Recently, I came across some odd behavior on a machine where the mapfunction returning Future[T]was executed sequentially. The same problem does not occur on other machines: the work alternates, as one would expect. Later, I discovered that this was probably because Scala was too smart and chose ExecutionContextwhich corresponded to the resources of the machine: one core, one working.
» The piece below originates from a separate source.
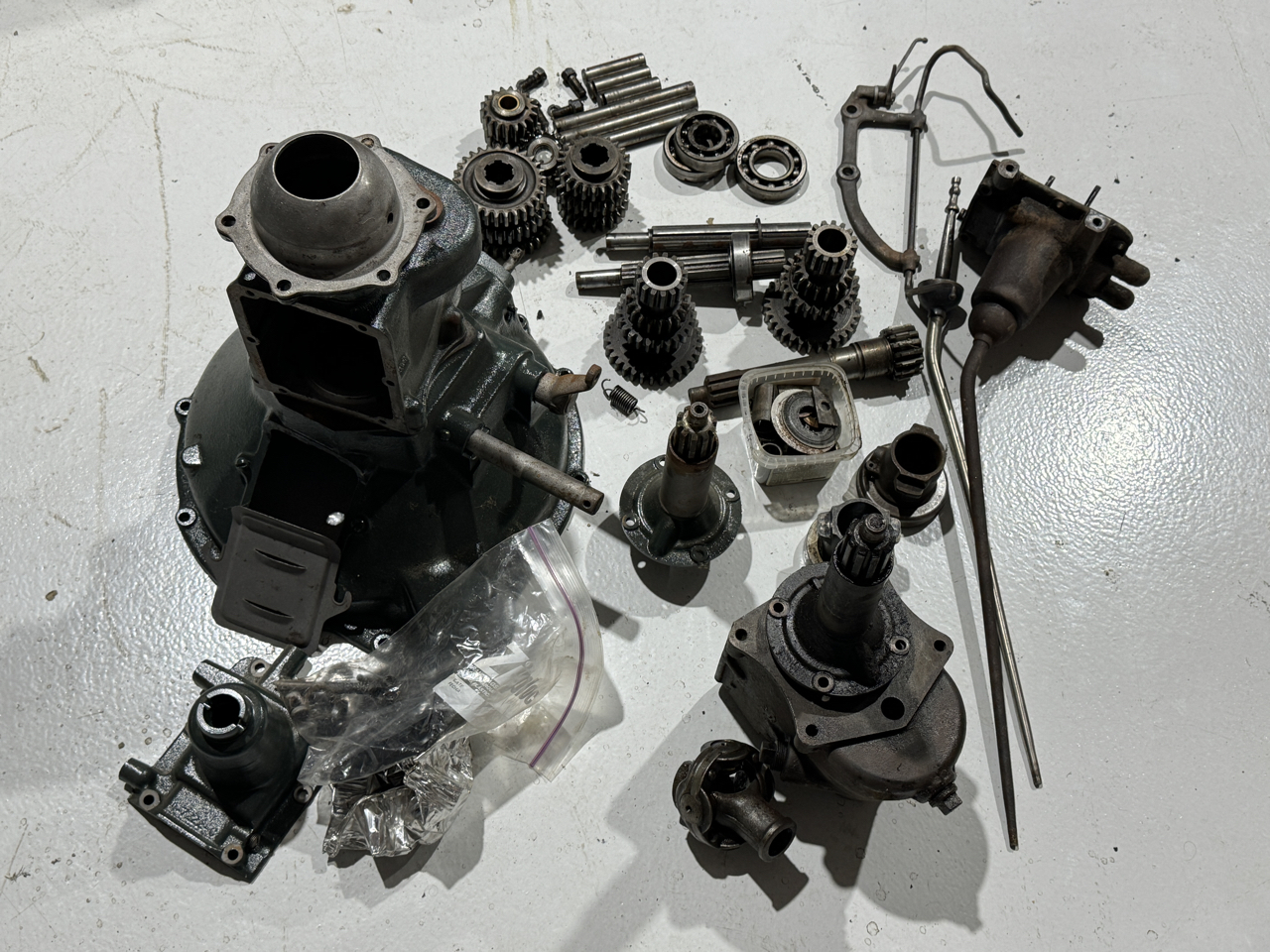 Transmissions (2), bell housing and various parts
Here is some simple code that reproduces the problem:
import scala.concurrent._
import scala.concurrent.duration._
val ss = List("the", "quick", "brown", "fox",
"jumped", "over", "the", "lazy", "dog")
def r(s: String) : Future[String] = future {
for (i <- 1 to 10) yield {
println(String.format("r(%s) waiting %s more seconds...",
s, (10 - i).toString))
Thread.sleep(1000)
}
s.reverse
}
val f_revs = ss.map { r(_) }
println("Look ma, no blocking!")
val rev = f_revs.par.map { Await.result(_, Duration.Inf) }.mkString(" ")
println(rev)
Doing this on a machine with unusual behavior causes consistent output as follows:
Look ma, no blocking!
r(the) waiting 9 more seconds...
r(the) waiting 8 more seconds...
r(the) waiting 7 more seconds...
Custom provision ExecutionContext:
val pool = Executors.newFixedThreadPool(1)
implicit val ec = ExecutionContext.fromExecutor(pool)
. : , . -, FixedThreadPool s, , pool.shutdown() -.